▶ Short descriptive text snippets
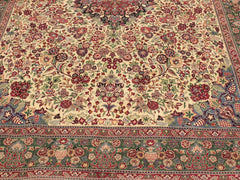 handmade Traditional Barsat Ivory Green Hand Knotted RECTANGLE 100% WOOL area rug 9x12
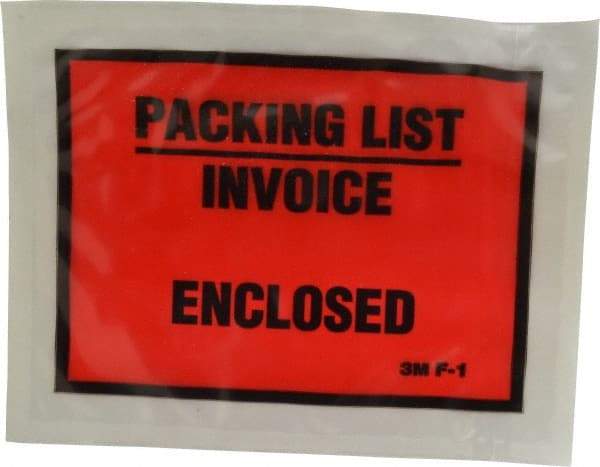 3M - 1,000 Piece, 5-1/2" Long x 4-1/2" Wide, Envelope - Packing List/Invoice Enclosed, Orange Full Faced - Apex Tool & Supply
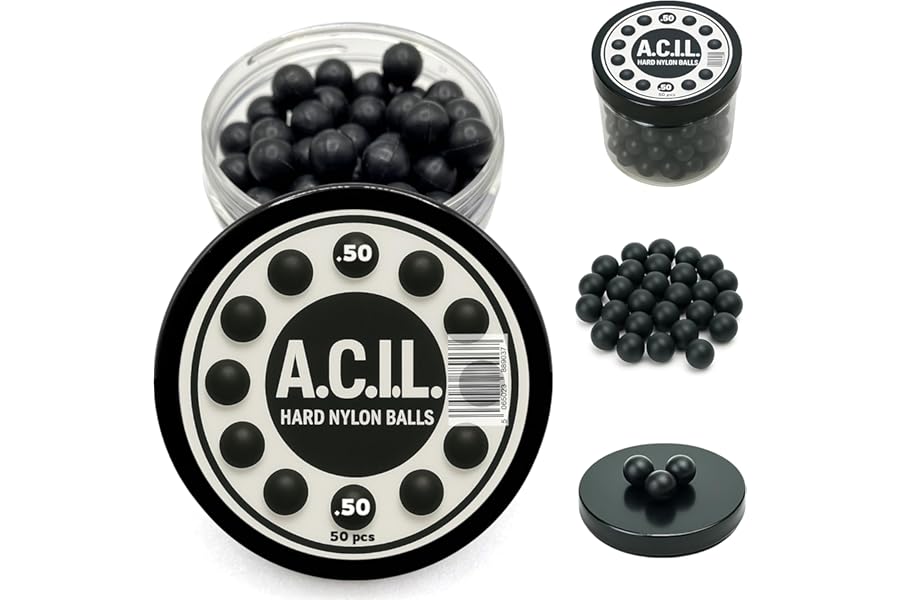 50 x Hard Nylon Balls Cal 50 – Precision Training Ammo for Paintball, RAM & Self Defense Pistols – Durable Reusable Projectiles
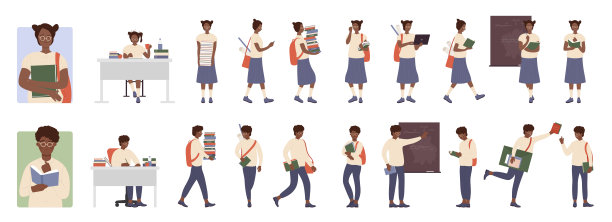 青少年学生的姿势设置图片下载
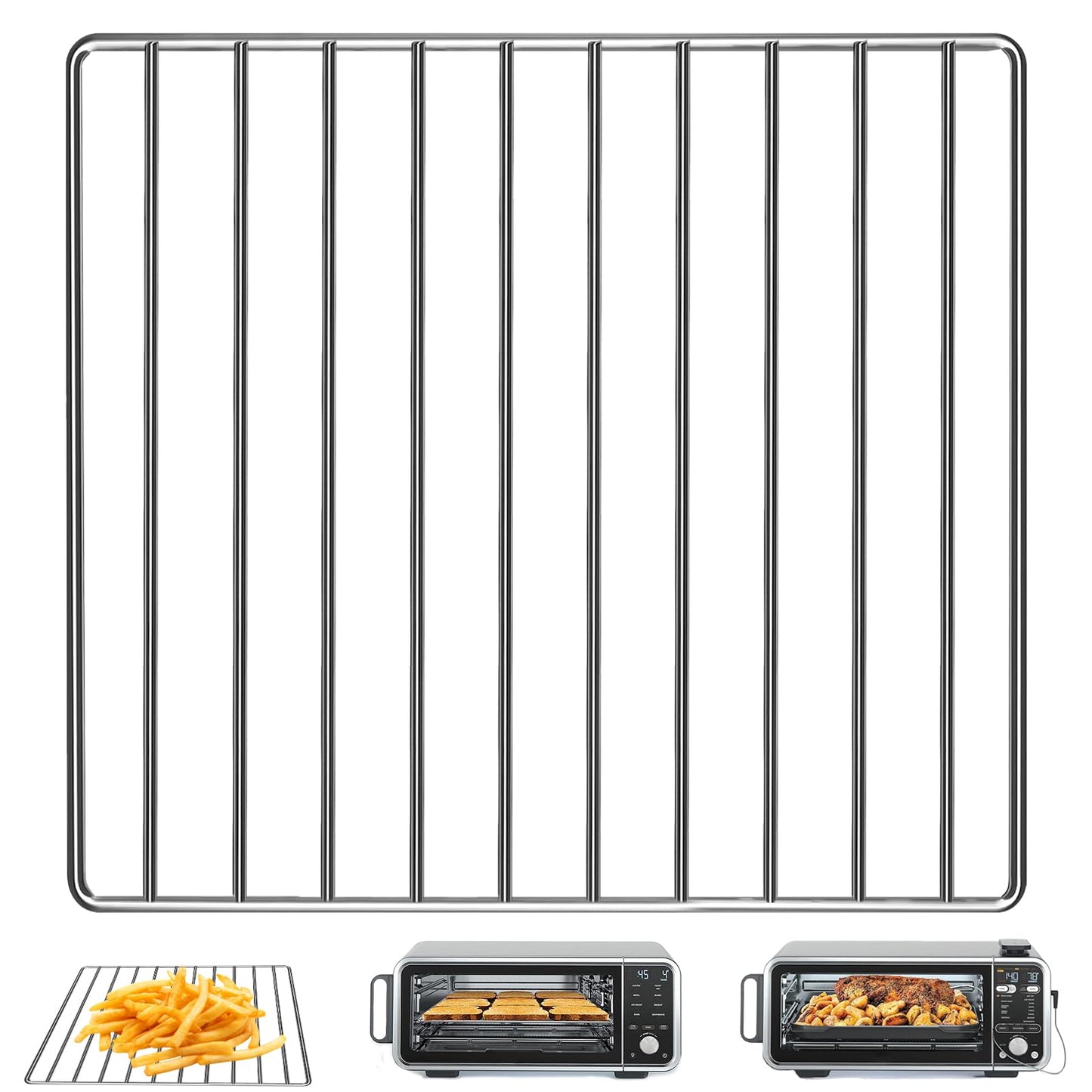 GWY Air Fryer Wire Rack for Ninja Foodi 13 in 1 SP351 SP301 Air Fry Countertop Toaster Oven, 13.5''×12.3'' Stainless Steel Air Fryer Replacement Parts Accessories Roasting Steamer Grill Racks Tray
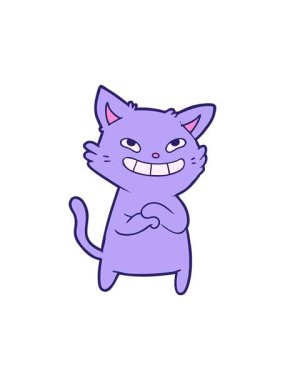 Mutlu çizgi film kedi çiziminin dikkat çekici animasyonu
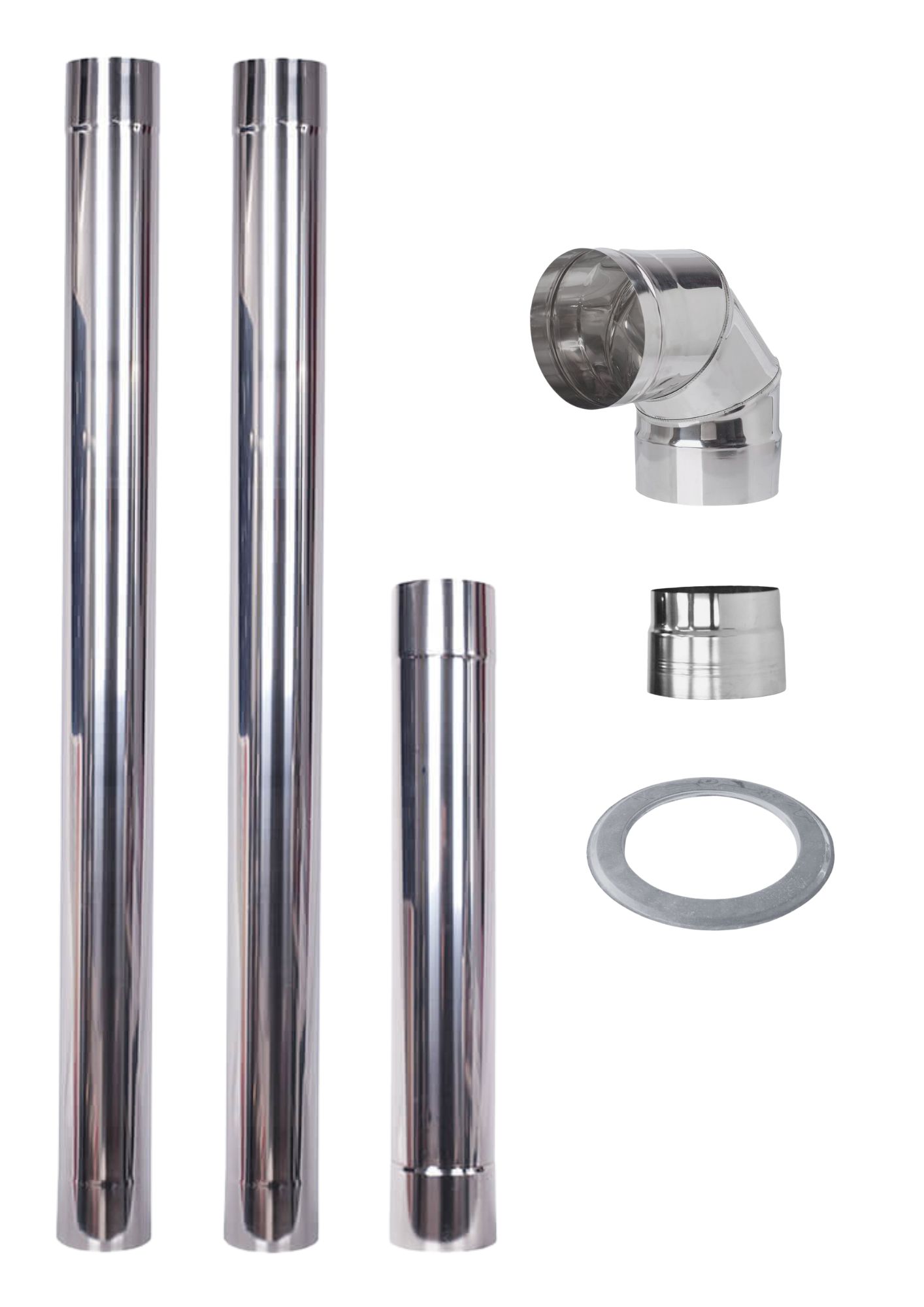 DESIGN ACCURATO GIUNZIONE acciaio inox stufa a legna tubo diametro 6 cm
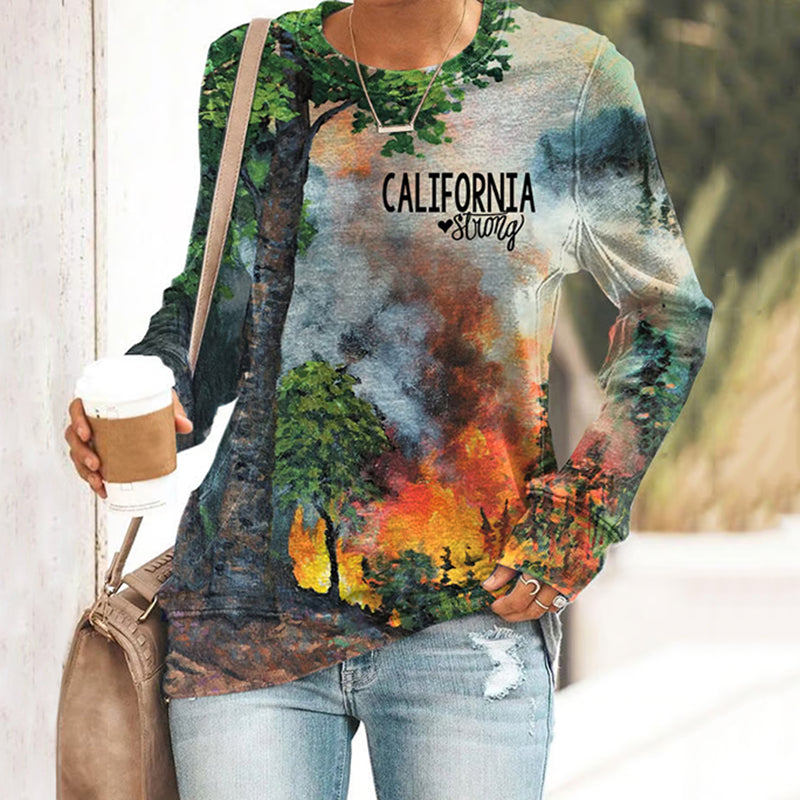 Comstylish Retro Women's Sweatshirt With California Strong Los Angeles Palisades Fire Inspired Print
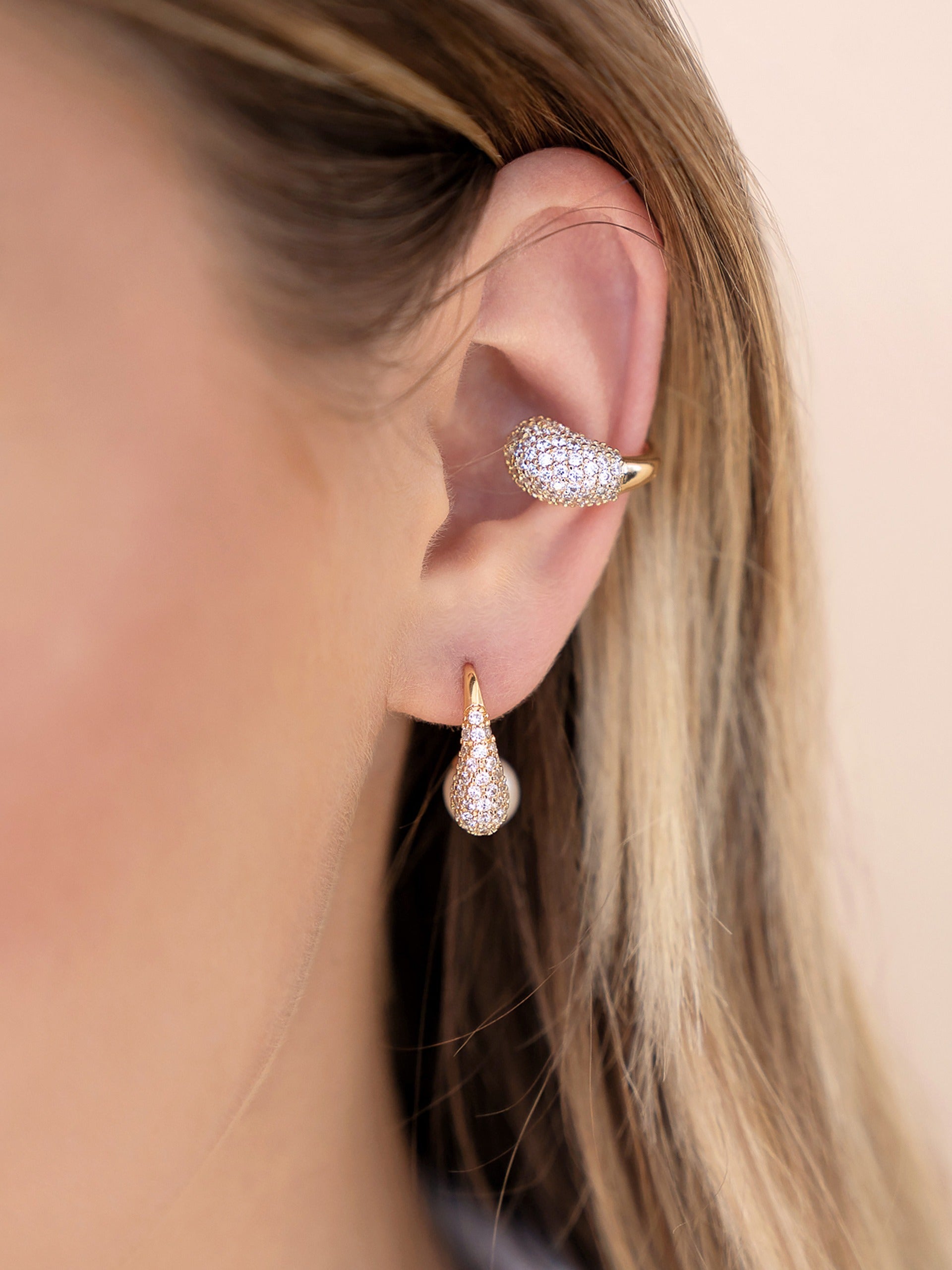 Hooked Pavé and Pearl Earrings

▶ Work to be completed
Retype all the data exactly; skip the pictures.

▶ Solution
 handmade Traditional Barsat Ivory Green Hand Knotted RECTANGLE 100% WOOL area rug 9x12
 3M - 1,000 Piece, 5-1/2" Long x 4-1/2" Wide, Envelope - Packing List/Invoice Enclosed, Orange Full Faced - Apex Tool & Supply
 50 x Hard Nylon Balls Cal 50 – Precision Training Ammo for Paintball, RAM & Self Defense Pistols – Durable Reusable Projectiles
 青少年学生的姿势设置图片下载
 GWY Air Fryer Wire Rack for Ninja Foodi 13 in 1 SP351 SP301 Air Fry Countertop Toaster Oven, 13.5''×12.3'' Stainless Steel Air Fryer Replacement Parts Accessories Roasting Steamer Grill Racks Tray
 Mutlu çizgi film kedi çiziminin dikkat çekici animasyonu
 DESIGN ACCURATO GIUNZIONE acciaio inox stufa a legna tubo diametro 6 cm
 Comstylish Retro Women's Sweatshirt With California Strong Los Angeles Palisades Fire Inspired Print
 Hooked Pavé and Pearl Earrings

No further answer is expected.